We used a method that explores features and machine learning algorithms for Bitcoin’s closing price prediction. In recent forecasting competitions, it was observed that machine learning models and hybrid approaches demonstrated superiority over alternative methods [
5]. Therefore, in this study, we evaluated the following machine learning algorithms: Long Short-Term Memory (LSTM), Bidirectional Long-Term Memory (BiLSTM), Gated Recurrent Unit (GRU), Bidirectional Gated Recurrent Unit (BiGRU), and Light Gradient Boosting Machine (LightGBM). In addition we used ensembling. The results were evaluated observing the predicted and actual Bitcoin closing price measuring Root Mean Squared Error (RMSE), Mean Squared Error (MSE), Mean Absolute Error (MAE), and Directional Accuracy (DA).
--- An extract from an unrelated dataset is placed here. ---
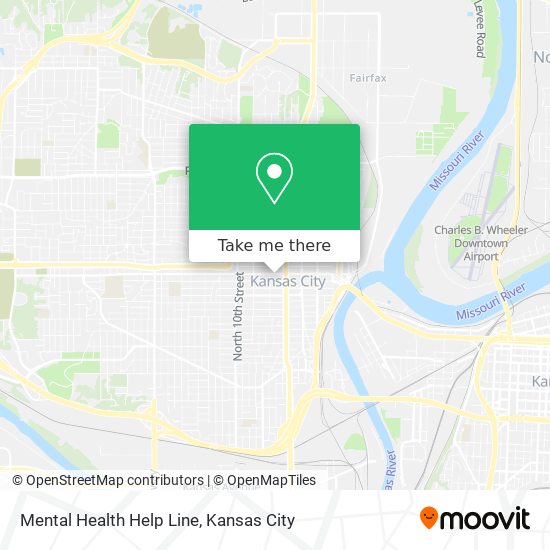 Mapa de Mental Health Help Line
Although previous studies show that the financial time series closing price, either in the case of stocks [
6,
7], commodities [
8], or cryptocurrencies [
9], is not enough for prediction when training deep learning models, we found that ensembling does help to improve the forecasting accuracy. In this work, we demonstrate that the Bitcoin closing price is not sufficient for forecasting and additional features are necessary when using machine learning algorithms. Evaluation on return shows that the method developed in this work presents one of the highest scores, with a directional accuracy score equal to 0.7645, exceeding a baseline by 58.24 percent.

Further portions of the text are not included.